We can calculate the temperature of a planet based on a simple accounting of the energy entering and exiting the system.
A planet receives energy from its star. This energy takes the form of black body radiation leaving the photosphere of the star. This means we can write the sun’s emitted energy as $$4\pi r_{s}^{2}\sigma T_{s}^{4}$$, where $$r_{s}$$ and $$T_{s}$$ are the sun’s radius and photospheric temperature. At a distance r from the star, that radiation has spread out over a sphere of surface area $$4\pi r^{2}$$, so a planet at that distance sees a total flux of $$L=\sigma T_{s}^{4}\frac{r_{s}}{r}$$. The planet receives this energy over its cross sectional area. If the planet’s radius is a, this area is $$\pi a^{2}$$, so it receives $$\pi a^{2}L$$ energy per unit time. However, due to the planet’s reflectivity, not all of that energy will be absorbed. The proportion of sunlight reflected by the planet is the planetary albedo, denoted $$\alpha$$. A planet with albedo of 1 would reflect all light, while a planet with $$\alpha=0$$ would absorb all light. Therefore, the rate of energy absorption of a planet with albedo $$\alpha$$ and radius a is $$(1-\alpha)\pi a^{2}L$$.
The planet also emits energy by radiating as a black body from its entire surface. The rate of energy loss is then $$4\pi a^{2}\sigma T^{4}$$, where T is the planet’s surface temperature. In equilibrium, the rate of energy gain must equal the energy loss, so in equilibrium our energy balance is:

$$\sigma T^{4}=\frac{1}{4}(1-\alpha)L\\$$

or, solving for the planet’s surface temperature,

$$T=\frac{1}{\sqrt{2}}(1-\alpha)^{1/4}\sqrt{\frac{r_{s}}{r}T_{s}}\\$$

The factor of $$\frac{1}{4}$$ comes from the ratio of the planet’s cross sectional area, which receives energy, and its total surface area, which radiates energy. This is because we have averaged the energy budget over the planet’s surface. For a planet that doesn’t receive energy evenly over its surface, for example because it has no atmosphere to transport heat, it doesn’t make sense to average over the full surface. Instead, we might want to consider a point on the surface where the sun is directly overhead. Looking at the energy per unit area for that spot, we would get an energy budget of $$\sigma T^{4}=(1-\alpha)L_{s}$$, without the factor of 4.

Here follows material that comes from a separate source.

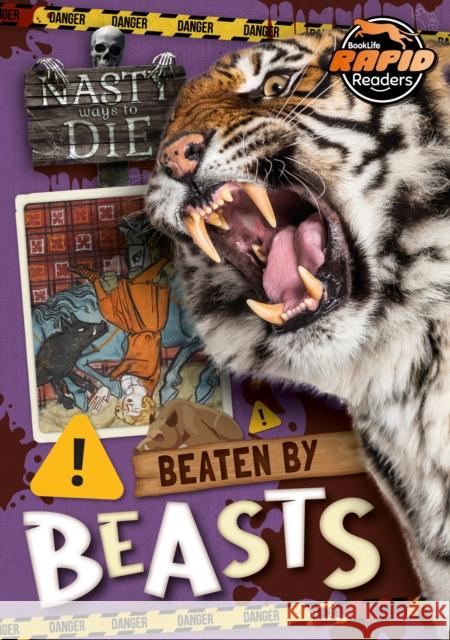 Beaten by Beasts Charis Mather Drue Rintoul  9781801558815 BookLife Publishing - książka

## Example Problem: Energy Balance

A spherical planet at the orbit of Mercury has a nitrogen atmosphere that has no effect on IR, but is so good at mixing heat that it keeps the planet’s surface isothermal. If the surface temperature is 300K, what is the albedo?
From energy balance:

$$\sigma T^{4}=\frac{1}{4}L(1-\alpha)=\frac{1}{4}\sigma T_{star}^{4}\frac{r_{star}^{2}}{r^{2}}(1-\alpha)\\ \textrm{ Plugging in values: }T_{star}=5777\textrm{ K},r_{star}=695700\textrm{ km},r=57.91e6\textrm{ km},T=300\textrm{ K}\\ \alpha=1-\frac{4\sigma T^{4}}{\sigma T_{star}^{4}\frac{r_{star}^{2}}{r^{2}}}=1-\frac{4*(300\textrm{K})^{4}}{(5777\textrm{K})^{4}\frac{(695700\textrm{km})^{2}}{(57.91e6\textrm{km})^{2}}}=0.7984\nonumber \\$$

## Example Problem: Energy Balance

Consider a planet covered in water ice with a uniform albedo of 0.7. The same face of the planet always faces the sun, and the atmosphere has negligible greenhouse effect. Compute the solar constant needed to begin melting ice if:
a) the entire surface of the planet has the same temperature
This means we need to average the temperature over the whole planet, giving a factor of 4 between the cross-sectional area which receives radiation and the surface area that radiates OLR:

$$L=\frac{4\pi a^{2}\sigma T^{4}}{\pi a^{2}(1-\alpha)}=\frac{4*5.67*10^{-8}\textrm{ W}/\textrm{m}^{2}\textrm{K}^{4}*(273\textrm{ K})^{4}}{(0.3)}=4200\textrm{ W/m}^{2}\nonumber \\$$

b) the dayside temperature is uniform but no heat is carried to the nightside
In this case we only need to average the temperature over half the surface, so we have a factor of 2 in our energy balance equation.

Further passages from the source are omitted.